The rest of humanity (10-75 percentile) have clearly benefitted from globalization — liberal trade and investment regimes, freer movement of technology and people. Including the Philippines whose two main drivers, BPO and OFW remittances, are enabled by it. Globalization has put us recently among the highest growing countries and with the best prospects, even in our high performance neighborhood.

Admittedly, here in the Philippines, historical progress in addressing the poorest (dropping only to 25% currently from 34% in 1990) has not been as substantial as with the rest of Asia. (e.g. in ASEAN, Indonesia and Vietnam have halved their poverty rates.)

But let us not blame globalization and liberal economic policies for this.

As Dr. Fabella underlines, “there are two flavors of inclusion: one is reduced income inequality; the other is reduced poverty incidence. They are not the same; nor does one necessarily follow the other. So they require different policy responses.”

Past policies in the Philippines have not favored investments and job creation that would have allowed us to participate with our neighbors in an export led growth and addressed the problem of joblessness and poverty. Unfavorable policies include national law that deters foreign investment, underinvestment in essential infrastructure.

Likewise, agricultural productivity has suffered from an inward looking bias — a failed land reform program that favored inclusive poverty over efficiency needed for modern agriculture. An anti-poor food security policy defined as self-sufficiency in rice at exorbitant cost, rather than affordability of food, and focus on crops where we can have global competitiveness. A high population growth rate is an additional factor.

With poor and recently deteriorating scores in ease of doing business in the Philippines, government’s efforts need to focus on making us globally competitive — more globalization, not less. A market friendly investment environment — e.g. investments in infra, liberalizing rules for FDI’s — will foster more jobs for the unemployed. Coupled with more expenditure for social programs in health, primary education and conditional cash transfers, these policies will help the poorest.

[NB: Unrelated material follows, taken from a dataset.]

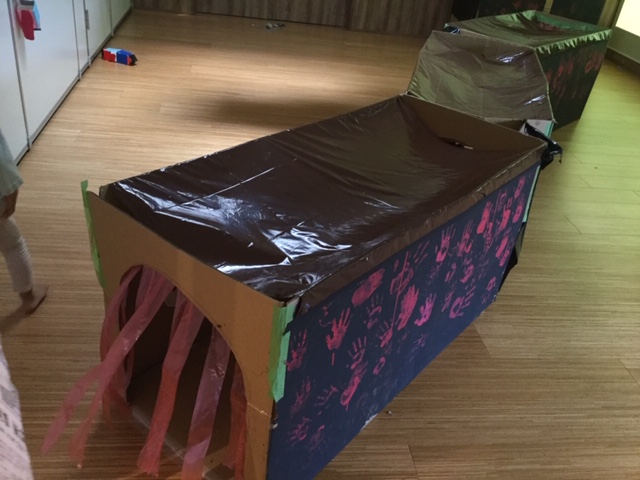 お化け屋敷ごっこ - ようこそ！丸石保育園へ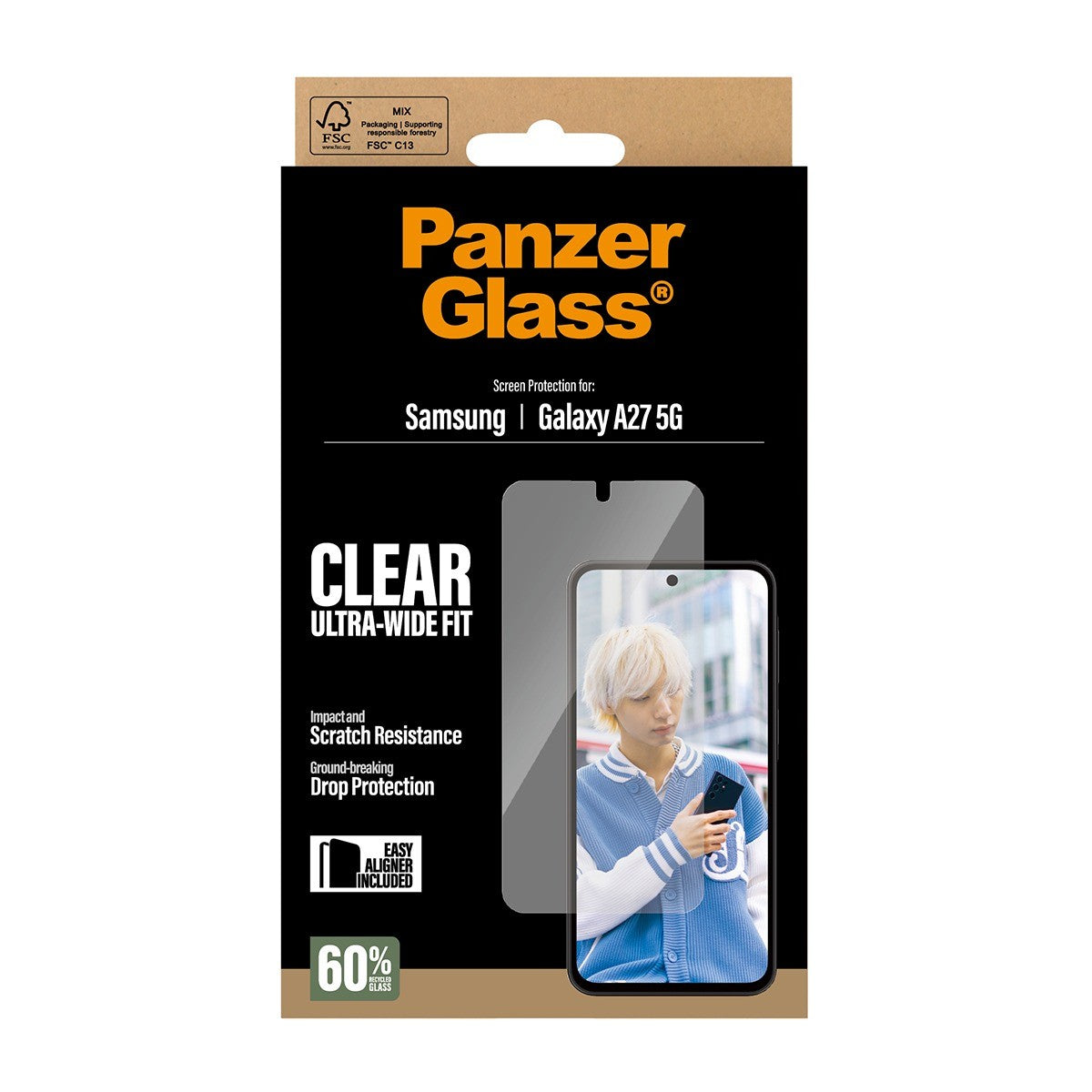 PanzerGlass Samsung Galaxy A27 Skjermbeskytter Ultra-Wide Fit EasyAligner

This is well recognized in the ten point agenda of this administration, and elaborated in the latest NEDA Philippine Development Plan. TRAIN is essential for this. Our Foundation for Economic Freedom urges Congress to approve the DoF sponsored bill with the minimum of dilution. (See FEF statement “FEF Appeals to Senate to Preserve the Revenue Goals for TRAIN.” To read the statement, please visit the link or use a smartphone to scan the QR code.)

Let us persevere in achieving the goals of these economic programs under a democratic setting. And pay no heed to calls for quick fixes under a revolutionary government. Such siren songs are at best, distracting.


Romeo L. Bernardo is a Trustee of the Institute for Development and Econometric Analysis and Vice Chair of the Foundation for Economic Freedom. He was Finance Undersecretary during the Corazon Aquino and Fidel Ramos administrations.